Arizona transaction privilege tax (TPT), commonly referred to as a sales tax, is a tax on vendors for the privilege of doing business in the state. Various business activities are subject to transaction privilege tax and must be licensed.
If a business is selling a product or engaging in a service subject to TPT, that business will likely need a license from the Arizona Department of Revenue (ADOR) and a TPT, or business/occupational license, from the city or cities in which the business has a base or operation.
Businesses with multiple locations or business lines can opt to license and report for each location separately, or have a consolidated license (and report aggregate sales). The cost for each license per location is $12. If the ownership is the same, the locations can be consolidated under one license number to allow the taxpayer to file a single return.
Even vendors who only do business for special events in Arizona are required to have a license. The state license fee remains $12 no matter how many special events a vendor attends. However, a separate city license fee is required for each city unless a vendor is currently licensed for the city in which an event will be held.
Additionally, a vendor who runs a business out of a home must obtain a license and use the home address as the business address on the application. Please note that it is the responsibility of the business owner to research the legality of operating a business in a home and to comply with county and city zoning requirements.
TPT License Certificates cannot be printed online. Please ensure all license and renewal fees have been paid, as licenses will not be delivered until fees are paid in full.
A business code is a three-digit number assigned to a corresponding business activity. Business codes can be found in the Tax Rate Table: (e.g., 017 is the business code assigned to retail business).
City codes identify the cities or towns in which business activities are conducted. A city code is identified by two letters (e.g., the Town of Gilbert’s city code is GB). City codes are listed on the Tax Rate Table, please refer to the rate table for the city code.
Location codes are unique, three-digit numeric codes that are tied to business addresses where the business transactions are taking place. This tutorial will introduce you to the location codes that will be used on the new Arizona transaction privilege tax reporting forms.
A region code is used to identify the county and/or the city where business transactions are sourced.
Understanding TPT Licensing
As soon as the businesses commence operations in Arizona, they must register with both agencies at the same time by completing an Arizona Joint Tax Application (Form JT-1/UC-001) and submitting it to the ADOR’s License & Registration Section. The Application is called “Joint” because it is used by both the ADOR and DES. ADOR will then forward a copy to DES, which it will use to determine whether or not a business is liable to pay Arizona Unemployment Insurance (UI) taxes. This form is used to apply for transaction privilege tax, use tax, and employer withholding and UI taxes.

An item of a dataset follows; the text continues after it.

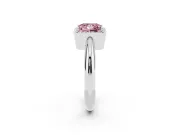 Princess Cut Halo Engagement Ring Setting for a Fancy Pink Lab-Grown Diamond | Plain Tapered Band | White Gold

NOTE: Your application cannot be processed if you do not record your Federal Employer Identification Number (FEIN) in the section of the form provided for this purpose. If you do not have a Federal EIN, contact the Internal Revenue Service to apply.
Both ADOR and DES will process the Arizona Joint Tax Application, and each agency will notify the business separately after its processing is completed. If a company is determined liable to pay UI taxes, a “Determination of Unemployment Insurance Liability” (UC-016 or UC-015A) form will be mailed by DES. It will specify the legal basis for liability, the date UI coverage starts, tax rate, and the Arizona UI employer account number (be sure to include this account number on any future correspondence with DES).
ADOR uses a number of research methods to ensure businesses in Arizona are properly licensed for state TPT and use tax and registered as an employer for withholding taxes. This research includes matching names of businesses from various directories or sources against our database.
If a taxpayer is being audited or has trouble making payments, ADOR has highly trained representatives available to assist. ADOR representatives are prohibited from disclosing any tax information except to the taxpayer. However, the taxpayer may select to authorize the disclosure of confidential tax information to an individual or multiple individuals before contacting ADOR for assistance by completing the proper disclosure authorization form.
ADOR views an audit as a cooperative and educational process that promotes voluntary compliance with tax obligations by ensuring taxpayers pay the correct amount of tax. Our trained auditors fairly determine whether the correct amount of tax has been reported and are responsible for performing audits in a professional and courteous manner with minimum disruption to a business.
A voluntary disclosure program is also available if a taxpayer has not fulfilled the transaction privilege tax, use tax, corporate income tax, and individual income tax or withholding tax obligations in Arizona and wants to come into compliance with the filing requirement(s).